There is a certain level of opportunism – including businesses or people looking to undertake an ICO because it is seen as an easy, low regulation and low cost option which could lead to immature businesses coming to market. The stories that come out about these businesses are, and will continue to have, a negative impact on investor confidence over time.

There exists a perception that Australian regulations don’t apply or can be avoided by engaging in an activity from overseas. I cannot stress enough that if you are doing business here and selling something to Australians – including issuing securities or tokens to Australian consumers – our laws here can apply.

There are also risks relating to poor governance or business practices around the sale of tokens and manipulation of prices.

And risks also exist if poor levels of information are given to investors before or after token sales.

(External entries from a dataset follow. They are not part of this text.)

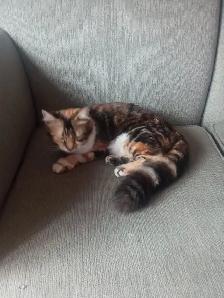 Chat Bengal rayer à vendre de 8 mois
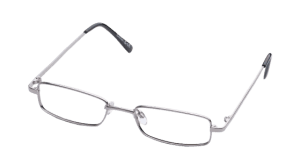 Taylor silver frame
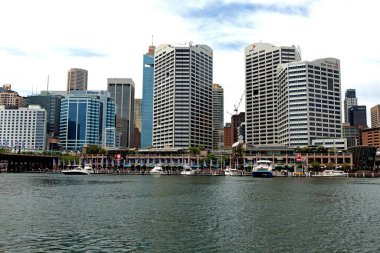 skylines darlington harbour sydney australia 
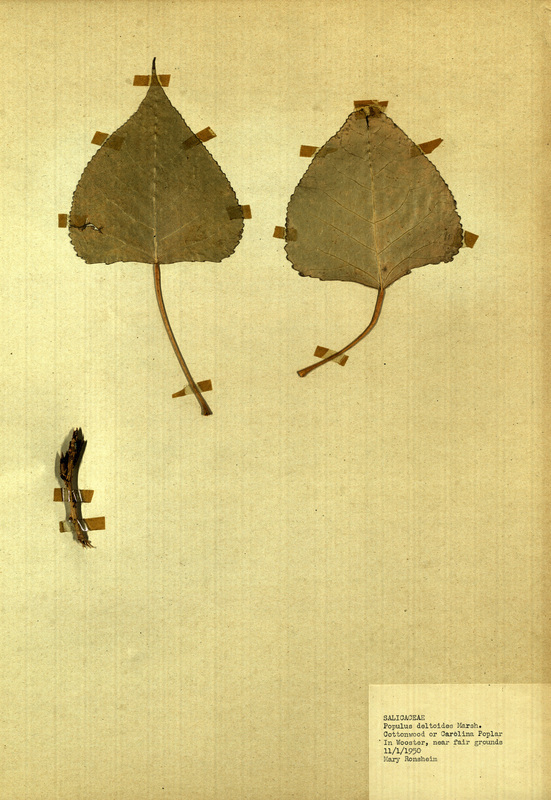 <p>Family: Salicaceae</p>
<p>Species: Populus deltoides Marsh.</p>
<p>These were found near the fair grounds in Wooster.</p>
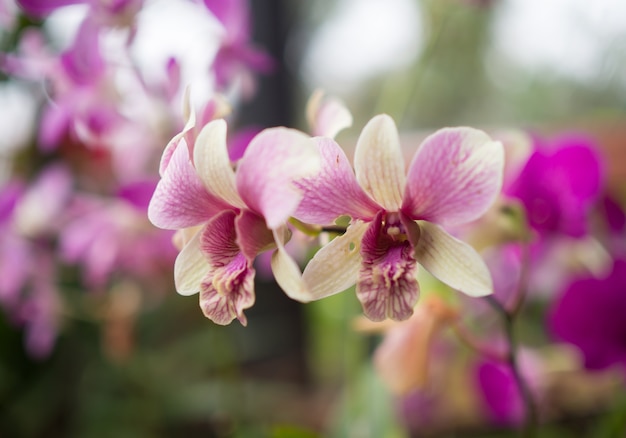 Plante avec de belles fleurs mauves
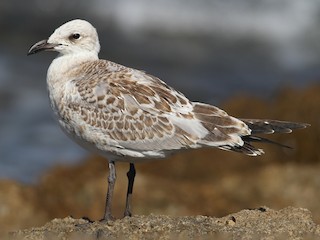 高品質！ニシセグロカモメ　Herring gull　頭骨 ☆即納☆高品質！☆ニシセグロカモメ Herring gull 頭骨
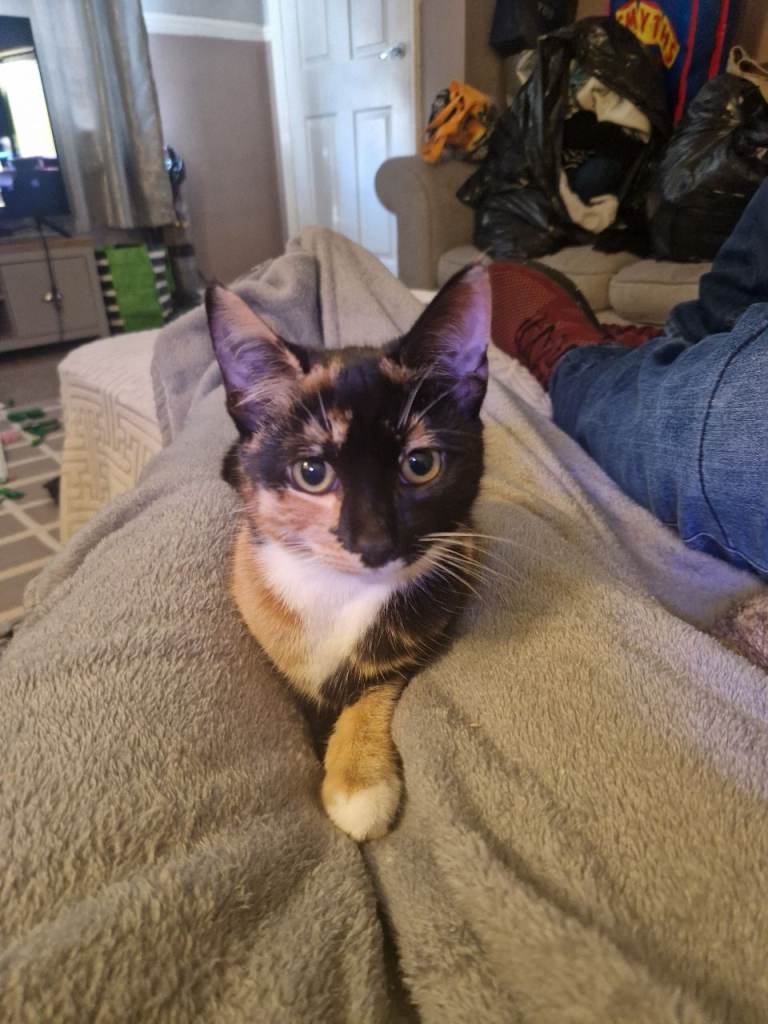 6 month old female kitten looking fornforever home 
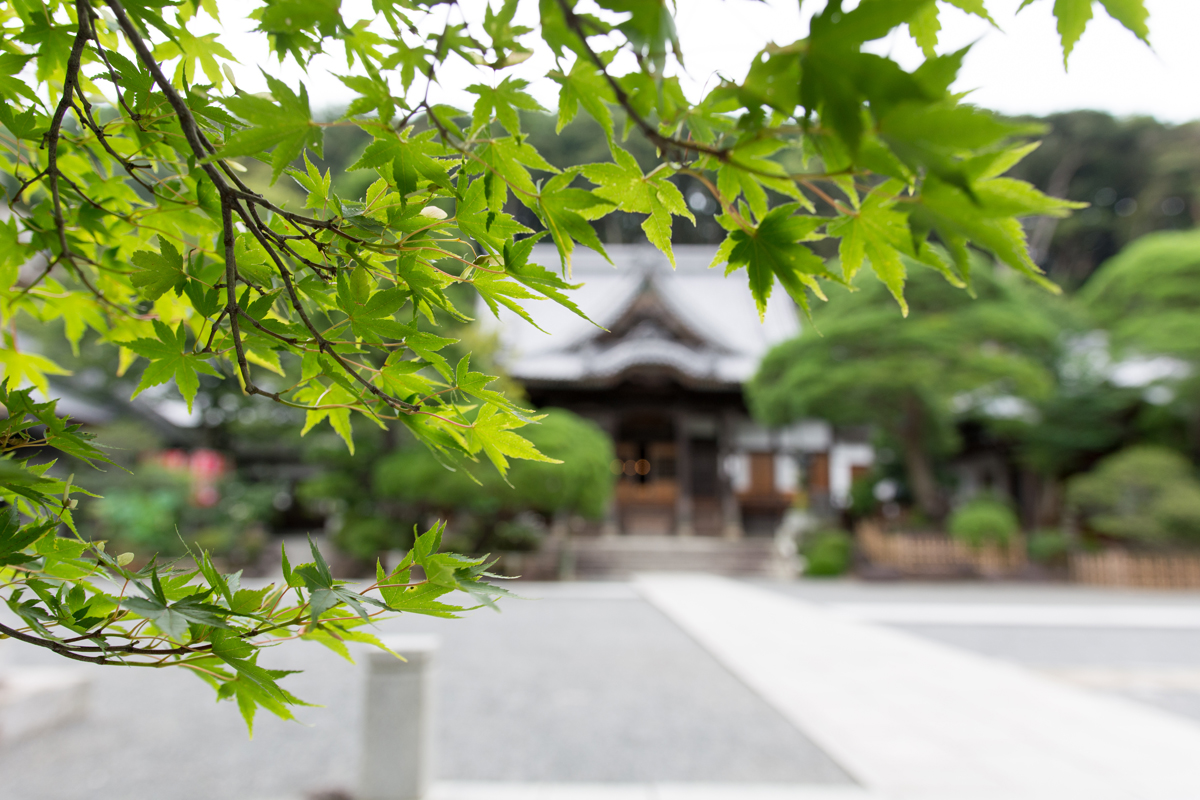 SIGMA 18-35mm F1.8 DC HSM　作例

Finally, it’s not directly related to ASIC, but traceability in relation to anti-money laundering/know your customer (AML/KYC) is something that we’ll hear more about tonight.

These concerns undermine the market integrity of token-based products and services, and can ultimately impact on the attractiveness of the sector and affect its credibility within the broader financial system.

To avoid them, I strongly encourage you to consider our guidance and also to seek proper advice on your business.

Engaging with ASIC

I urge you all to read our updated information sheet on ICOs and cryptocurrencies as a starting point, and get in touch with us via your existing contacts at ASIC or through our Innovation Hub, to talk about your business model as early in your business planning process as possible.

We do ask however that you consider your own obligations before you get in touch so that we have the right level of information to offer some informal assistance. This could be by seeking advice or doing your own research.

Things to consider include the nature of the ICO or cryptocurrency, as well as the information provided to investors.


ASIC cannot provide formal legal advice, but the Innovation Hub can help by providing pointers and identifying things that you might need to consider from a regulatory perspective.

I want to end things tonight by reiterating that ASIC will continue to be proactive and forward looking when it comes to innovation.

But, if there is one main thing I need you all to take away from ASIC tonight, it is we are dealing with real people’s money and ASIC’s support cannot come at the expense of basic consumer protection and the necessity to prevent investors and their funds being unfairly parted.

On that note, I’ll wrap things up and see you at the end for questions.